#### Prompt
A line belongs in the answer only if it contains the word "Dress"; copy every such line from the listing below.

Content starts

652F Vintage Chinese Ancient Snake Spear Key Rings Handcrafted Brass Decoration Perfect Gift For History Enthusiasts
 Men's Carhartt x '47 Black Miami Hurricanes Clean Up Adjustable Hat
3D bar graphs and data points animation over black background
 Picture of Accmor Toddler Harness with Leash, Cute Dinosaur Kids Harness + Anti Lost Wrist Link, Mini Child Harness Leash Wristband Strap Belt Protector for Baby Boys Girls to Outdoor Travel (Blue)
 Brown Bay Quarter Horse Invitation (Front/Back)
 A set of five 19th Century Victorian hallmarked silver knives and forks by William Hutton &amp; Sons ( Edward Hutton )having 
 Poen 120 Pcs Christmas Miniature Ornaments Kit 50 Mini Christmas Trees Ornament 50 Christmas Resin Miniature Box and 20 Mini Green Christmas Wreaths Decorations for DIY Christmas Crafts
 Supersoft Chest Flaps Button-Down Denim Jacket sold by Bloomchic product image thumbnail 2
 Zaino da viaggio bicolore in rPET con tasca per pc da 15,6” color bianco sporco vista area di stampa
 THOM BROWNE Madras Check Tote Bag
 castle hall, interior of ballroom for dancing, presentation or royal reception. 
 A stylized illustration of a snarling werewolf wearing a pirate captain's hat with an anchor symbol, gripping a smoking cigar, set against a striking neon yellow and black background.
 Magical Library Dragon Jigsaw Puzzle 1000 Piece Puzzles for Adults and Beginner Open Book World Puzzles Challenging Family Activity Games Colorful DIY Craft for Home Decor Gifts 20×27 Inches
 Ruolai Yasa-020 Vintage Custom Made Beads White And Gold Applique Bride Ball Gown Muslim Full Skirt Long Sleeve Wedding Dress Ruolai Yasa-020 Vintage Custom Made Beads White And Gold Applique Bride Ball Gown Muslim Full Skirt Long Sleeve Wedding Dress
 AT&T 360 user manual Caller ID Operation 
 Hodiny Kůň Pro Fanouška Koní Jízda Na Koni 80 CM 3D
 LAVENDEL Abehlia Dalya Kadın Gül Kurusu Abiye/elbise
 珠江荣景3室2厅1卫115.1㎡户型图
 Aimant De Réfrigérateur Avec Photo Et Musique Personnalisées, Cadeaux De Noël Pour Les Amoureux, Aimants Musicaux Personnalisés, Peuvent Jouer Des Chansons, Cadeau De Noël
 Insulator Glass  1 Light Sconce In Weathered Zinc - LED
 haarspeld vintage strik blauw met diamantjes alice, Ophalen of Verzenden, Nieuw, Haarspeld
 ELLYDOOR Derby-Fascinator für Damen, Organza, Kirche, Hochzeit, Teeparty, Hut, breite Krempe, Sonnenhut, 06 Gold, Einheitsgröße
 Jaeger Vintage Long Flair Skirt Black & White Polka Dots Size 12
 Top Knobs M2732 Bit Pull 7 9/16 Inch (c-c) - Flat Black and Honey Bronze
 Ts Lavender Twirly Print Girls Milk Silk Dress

Content ends

#### Task result
 Ruolai Yasa-020 Vintage Custom Made Beads White And Gold Applique Bride Ball Gown Muslim Full Skirt Long Sleeve Wedding Dress Ruolai Yasa-020 Vintage Custom Made Beads White And Gold Applique Bride Ball Gown Muslim Full Skirt Long Sleeve Wedding Dress
 Ts Lavender Twirly Print Girls Milk Silk Dress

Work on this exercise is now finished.